GIVEN ENTRIES:
::::::::
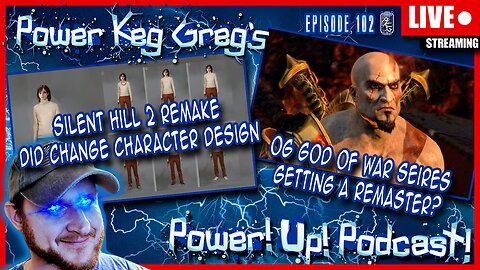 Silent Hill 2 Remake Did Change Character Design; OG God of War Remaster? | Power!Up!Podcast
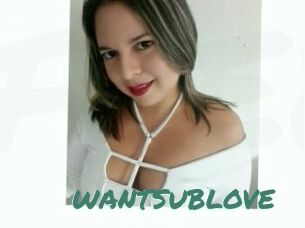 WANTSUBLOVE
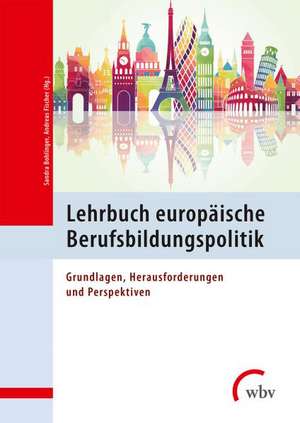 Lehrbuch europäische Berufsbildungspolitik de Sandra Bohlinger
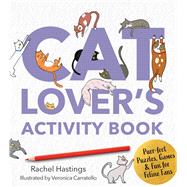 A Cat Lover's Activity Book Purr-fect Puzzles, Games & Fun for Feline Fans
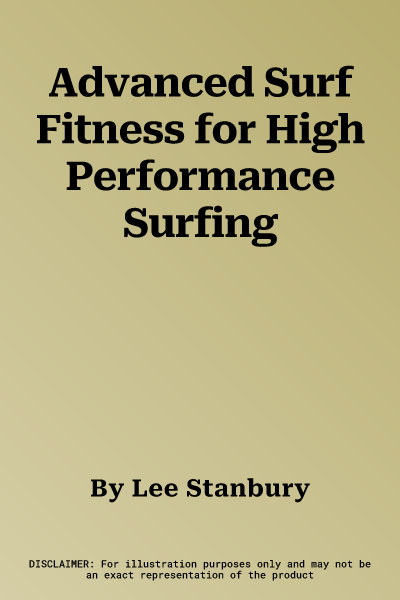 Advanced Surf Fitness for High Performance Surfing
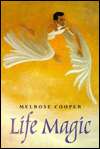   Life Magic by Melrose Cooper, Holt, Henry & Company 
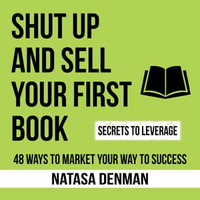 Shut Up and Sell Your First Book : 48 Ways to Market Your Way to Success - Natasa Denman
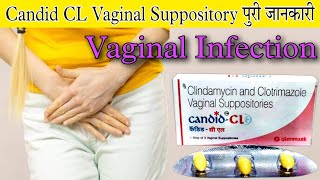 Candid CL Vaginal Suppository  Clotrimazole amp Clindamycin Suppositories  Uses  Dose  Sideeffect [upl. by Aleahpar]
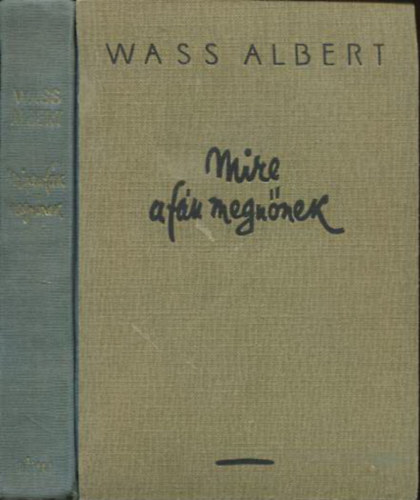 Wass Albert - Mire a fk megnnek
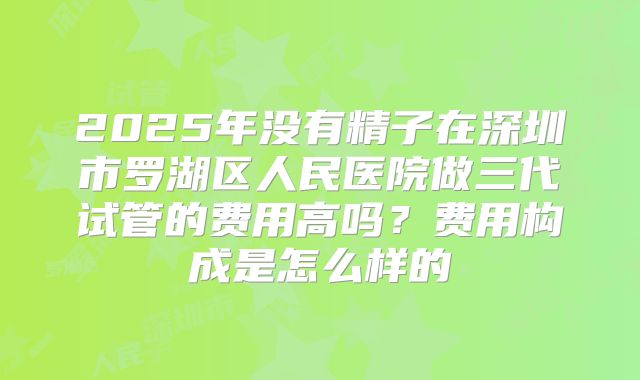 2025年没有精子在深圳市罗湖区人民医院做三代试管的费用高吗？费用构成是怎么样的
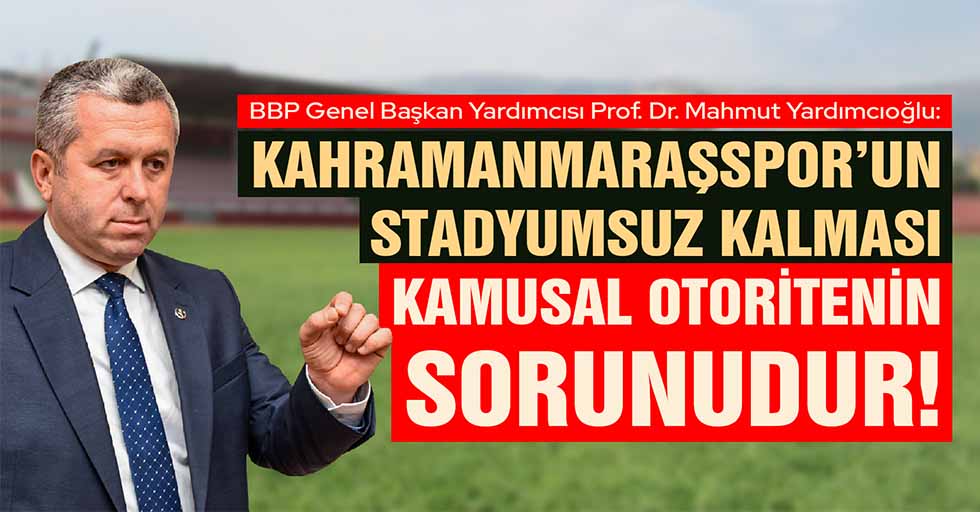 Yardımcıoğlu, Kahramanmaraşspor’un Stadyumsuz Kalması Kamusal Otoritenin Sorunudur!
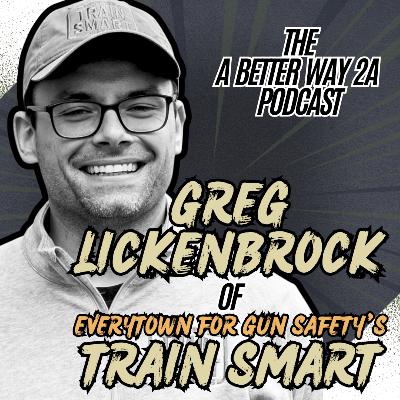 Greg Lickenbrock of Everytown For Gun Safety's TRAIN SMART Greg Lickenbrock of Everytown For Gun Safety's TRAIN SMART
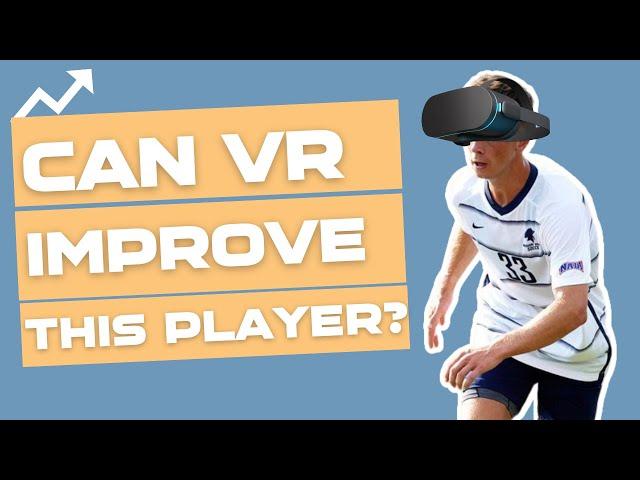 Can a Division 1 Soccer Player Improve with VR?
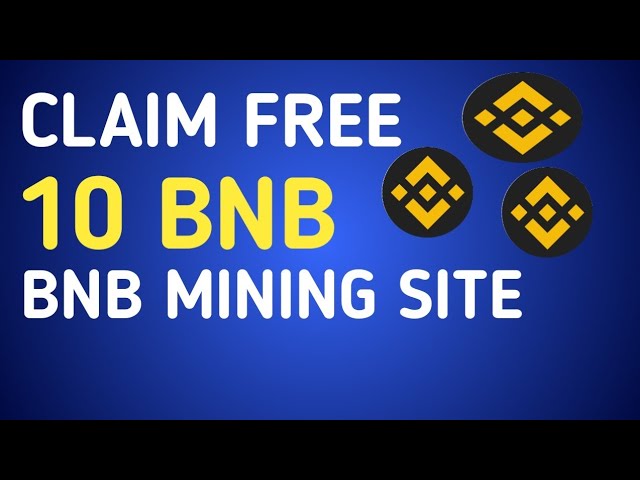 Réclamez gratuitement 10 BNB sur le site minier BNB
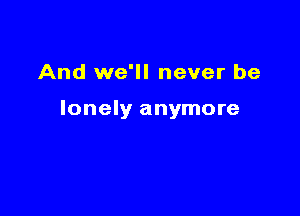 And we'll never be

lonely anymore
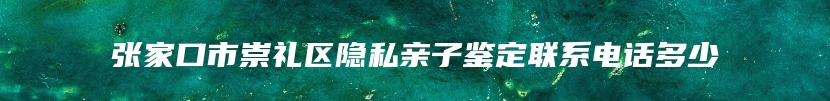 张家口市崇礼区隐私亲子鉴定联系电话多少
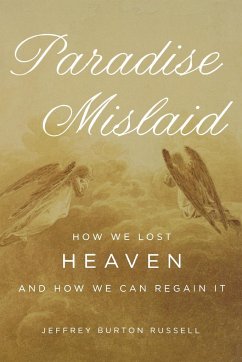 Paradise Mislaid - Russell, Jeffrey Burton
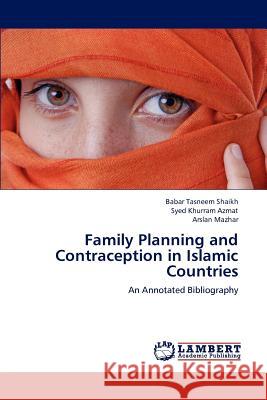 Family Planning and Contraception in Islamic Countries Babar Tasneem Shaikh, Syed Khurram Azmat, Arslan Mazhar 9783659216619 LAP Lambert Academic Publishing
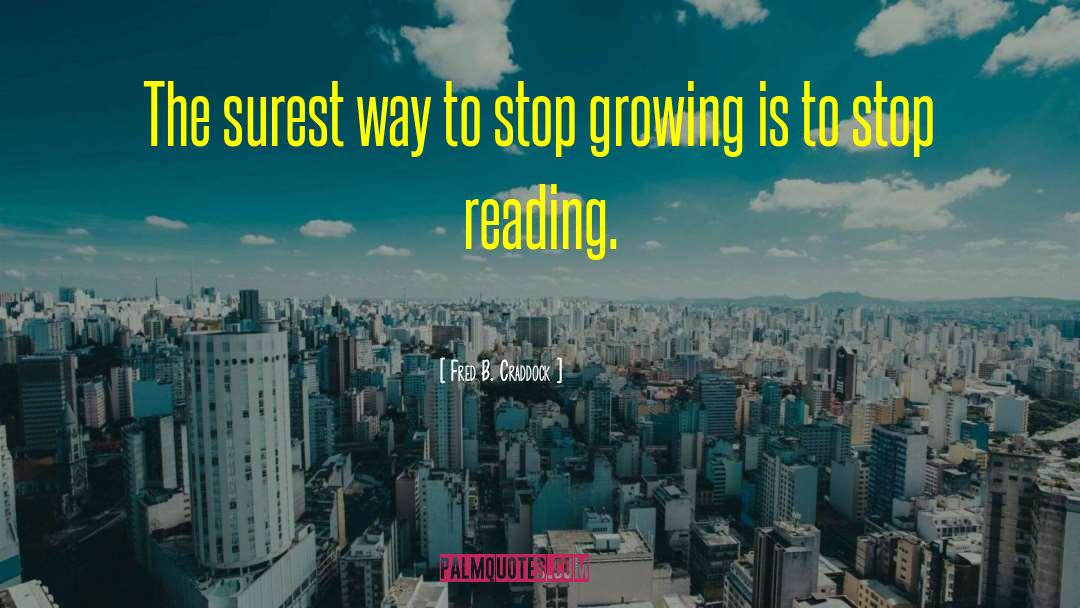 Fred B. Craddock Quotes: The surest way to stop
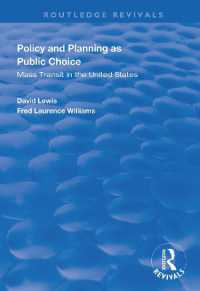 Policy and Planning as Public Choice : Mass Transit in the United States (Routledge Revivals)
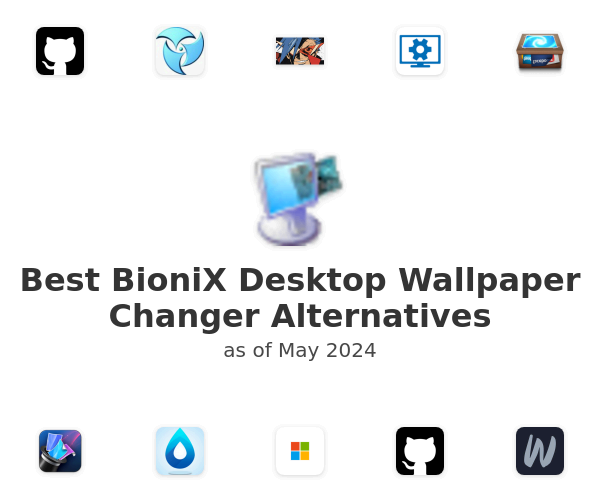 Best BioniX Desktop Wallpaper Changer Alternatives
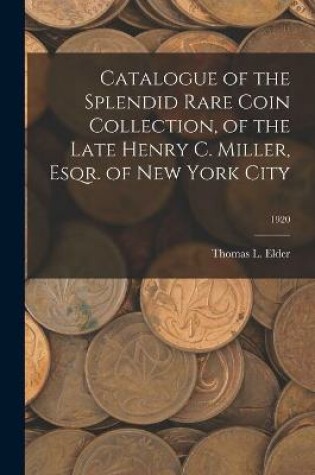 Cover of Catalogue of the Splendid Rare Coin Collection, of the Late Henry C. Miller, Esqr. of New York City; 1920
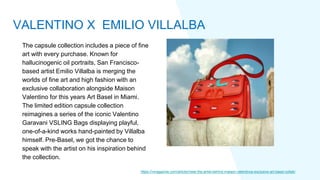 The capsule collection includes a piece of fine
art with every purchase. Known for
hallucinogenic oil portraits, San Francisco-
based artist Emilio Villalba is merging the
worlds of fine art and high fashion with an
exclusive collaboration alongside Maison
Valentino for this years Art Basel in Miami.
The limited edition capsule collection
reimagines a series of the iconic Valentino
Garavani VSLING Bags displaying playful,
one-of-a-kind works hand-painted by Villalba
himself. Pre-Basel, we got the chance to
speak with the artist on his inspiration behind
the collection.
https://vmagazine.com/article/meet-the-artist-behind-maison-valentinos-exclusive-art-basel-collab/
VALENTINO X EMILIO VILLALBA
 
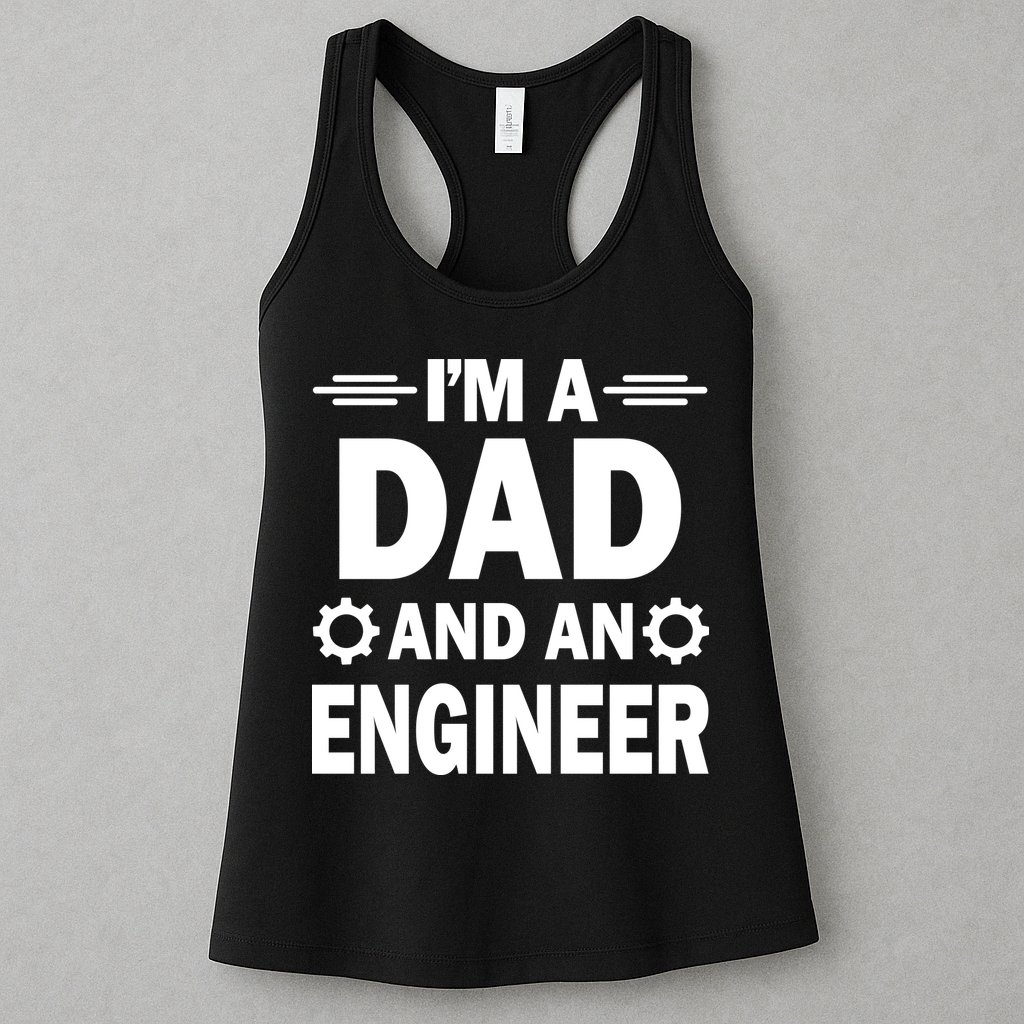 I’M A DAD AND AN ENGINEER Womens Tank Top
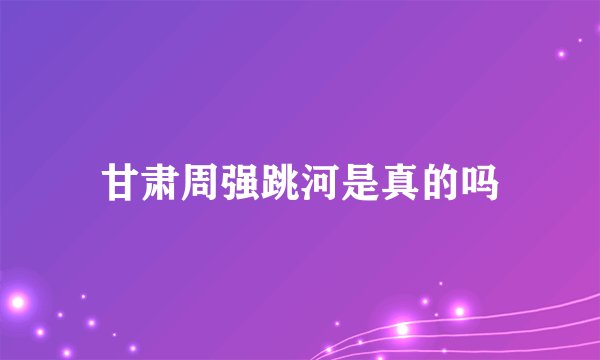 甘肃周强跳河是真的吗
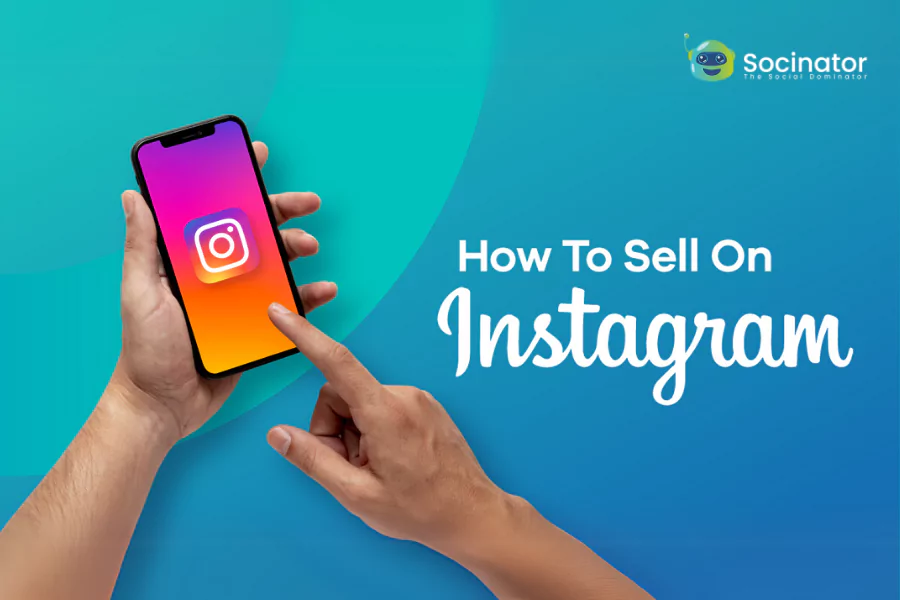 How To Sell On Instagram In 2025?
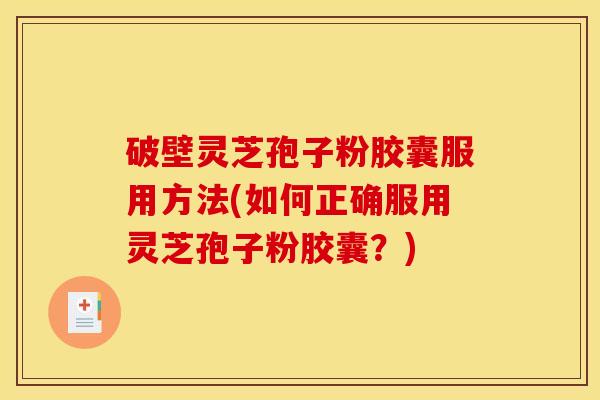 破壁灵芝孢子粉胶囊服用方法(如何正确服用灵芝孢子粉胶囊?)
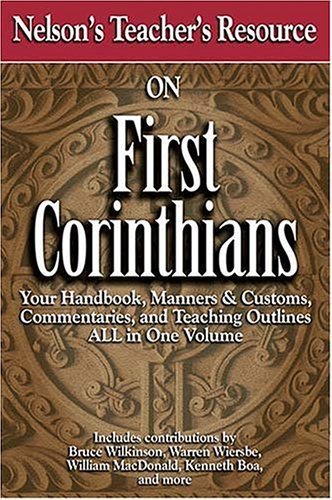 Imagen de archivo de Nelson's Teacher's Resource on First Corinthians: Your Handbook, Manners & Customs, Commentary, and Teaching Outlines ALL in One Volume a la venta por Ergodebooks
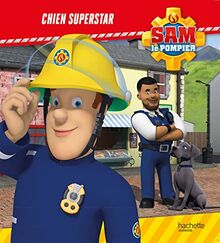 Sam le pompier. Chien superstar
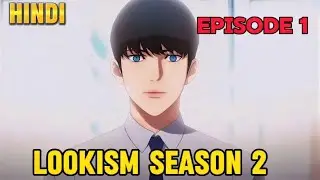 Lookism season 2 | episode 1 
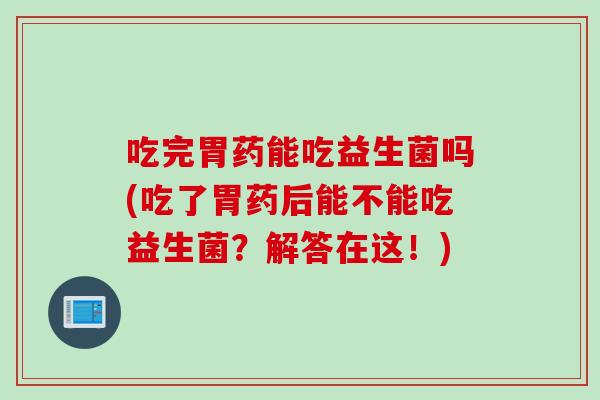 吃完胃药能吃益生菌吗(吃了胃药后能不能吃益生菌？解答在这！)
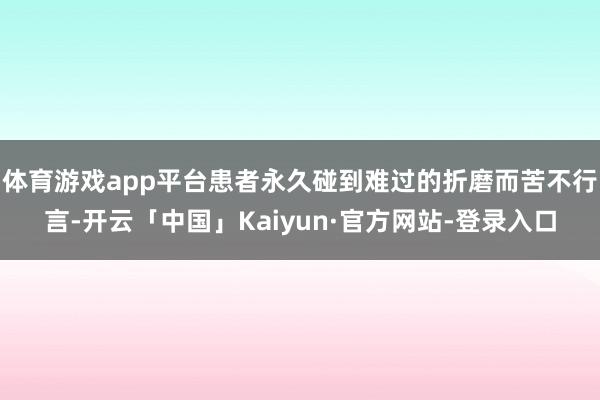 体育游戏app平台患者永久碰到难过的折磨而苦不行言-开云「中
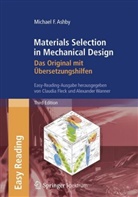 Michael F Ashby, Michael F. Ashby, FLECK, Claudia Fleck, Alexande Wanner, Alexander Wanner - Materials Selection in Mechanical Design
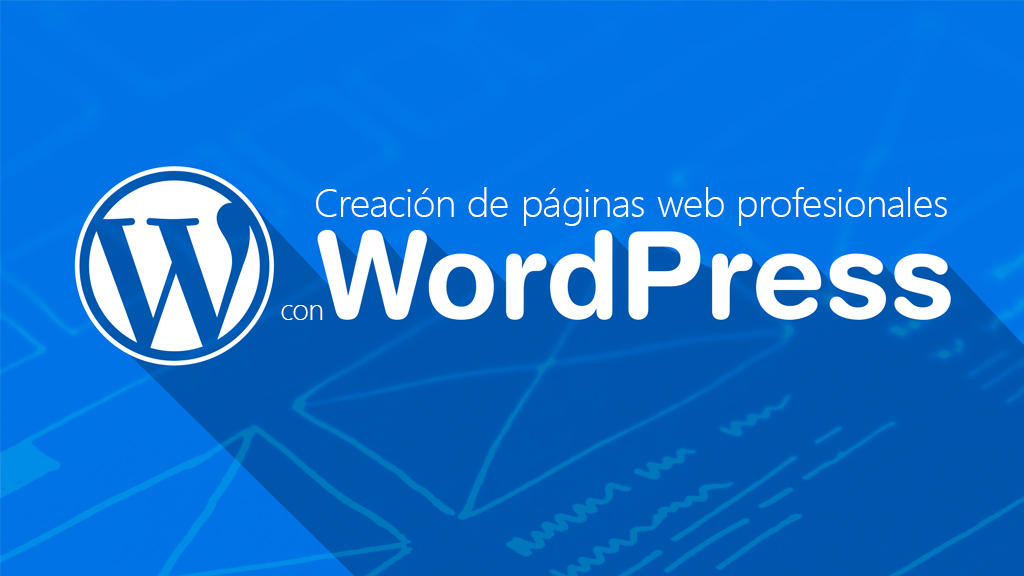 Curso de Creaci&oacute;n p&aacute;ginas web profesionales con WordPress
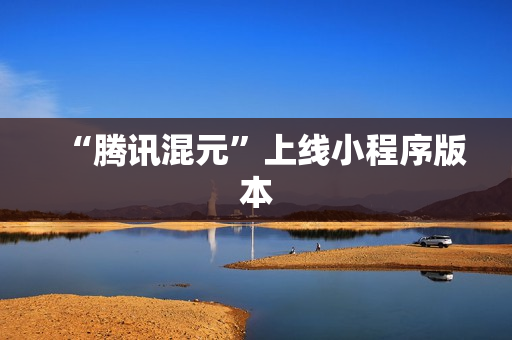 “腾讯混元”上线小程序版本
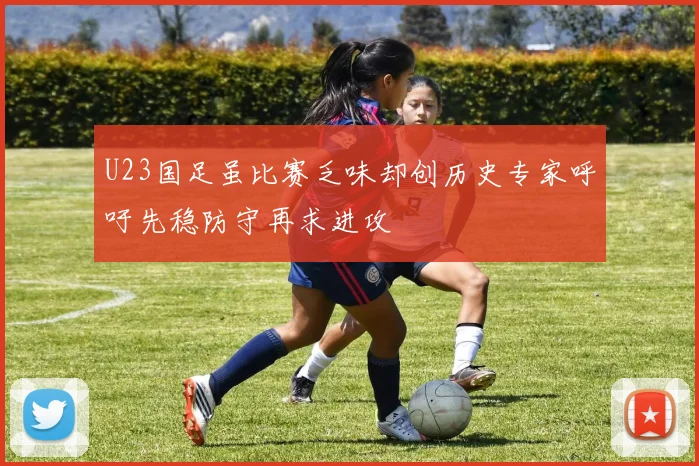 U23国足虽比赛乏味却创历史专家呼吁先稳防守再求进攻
::::::::
Make an exact copy of the listing, with no images in it.

REPLY TO THE TASK:
 Silent Hill 2 Remake Did Change Character Design; OG God of War Remaster? | Power!Up!Podcast
 WANTSUBLOVE
 Lehrbuch europäische Berufsbildungspolitik de Sandra Bohlinger
 A Cat Lover's Activity Book Purr-fect Puzzles, Games & Fun for Feline Fans
 Advanced Surf Fitness for High Performance Surfing
   Life Magic by Melrose Cooper, Holt, Henry & Company 
 Shut Up and Sell Your First Book : 48 Ways to Market Your Way to Success - Natasa Denman
 Candid CL Vaginal Suppository  Clotrimazole amp Clindamycin Suppositories  Uses  Dose  Sideeffect [upl. by Aleahpar]
 Wass Albert - Mire a fk megnnek
 2025年没有精子在深圳市罗湖区人民医院做三代试管的费用高吗？费用构成是怎么样的
 Yardımcıoğlu, Kahramanmaraşspor’un Stadyumsuz Kalması Kamusal Otoritenin Sorunudur!
 Greg Lickenbrock of Everytown For Gun Safety's TRAIN SMART Greg Lickenbrock of Everytown For Gun Safety's TRAIN SMART
 Can a Division 1 Soccer Player Improve with VR?
 Réclamez gratuitement 10 BNB sur le site minier BNB
 And we'll never be

lonely anymore
 张家口市崇礼区隐私亲子鉴定联系电话多少
 Paradise Mislaid - Russell, Jeffrey Burton
 Family Planning and Contraception in Islamic Countries Babar Tasneem Shaikh, Syed Khurram Azmat, Arslan Mazhar 9783659216619 LAP Lambert Academic Publishing
 Fred B. Craddock Quotes: The surest way to stop
 Policy and Planning as Public Choice : Mass Transit in the United States (Routledge Revivals)
 Best BioniX Desktop Wallpaper Changer Alternatives
 Cover of Catalogue of the Splendid Rare Coin Collection, of the Late Henry C. Miller, Esqr. of New York City; 1920
 The capsule collection includes a piece of fine
art with every purchase. Known for
hallucinogenic oil portraits, San Francisco-
based artist Emilio Villalba is merging the
worlds of fine art and high fashion with an
exclusive collaboration alongside Maison
Valentino for this years Art Basel in Miami.
The limited edition capsule collection
reimagines a series of the iconic Valentino
Garavani VSLING Bags displaying playful,
one-of-a-kind works hand-painted by Villalba
himself. Pre-Basel, we got the chance to
speak with the artist on his inspiration behind
the collection.
https://vmagazine.com/article/meet-the-artist-behind-maison-valentinos-exclusive-art-basel-collab/
VALENTINO X EMILIO VILLALBA
 
 I’M A DAD AND AN ENGINEER Womens Tank Top
 甘肃周强跳河是真的吗
 How To Sell On Instagram In 2025?
 破壁灵芝孢子粉胶囊服用方法(如何正确服用灵芝孢子粉胶囊?)
 Imagen de archivo de Nelson's Teacher's Resource on First Corinthians: Your Handbook, Manners & Customs, Commentary, and Teaching Outlines ALL in One Volume a la venta por Ergodebooks
 Sam le pompier. Chien superstar
 Lookism season 2 | episode 1 
 吃完胃药能吃益生菌吗(吃了胃药后能不能吃益生菌？解答在这！)
 体育游戏app平台患者永久碰到难过的折磨而苦不行言-开云「中
 Michael F Ashby, Michael F. Ashby, FLECK, Claudia Fleck, Alexande Wanner, Alexander Wanner - Materials Selection in Mechanical Design
 Curso de Creaci&oacute;n p&aacute;ginas web profesionales con WordPress
 “腾讯混元”上线小程序版本
 U23国足虽比赛乏味却创历史专家呼吁先稳防守再求进攻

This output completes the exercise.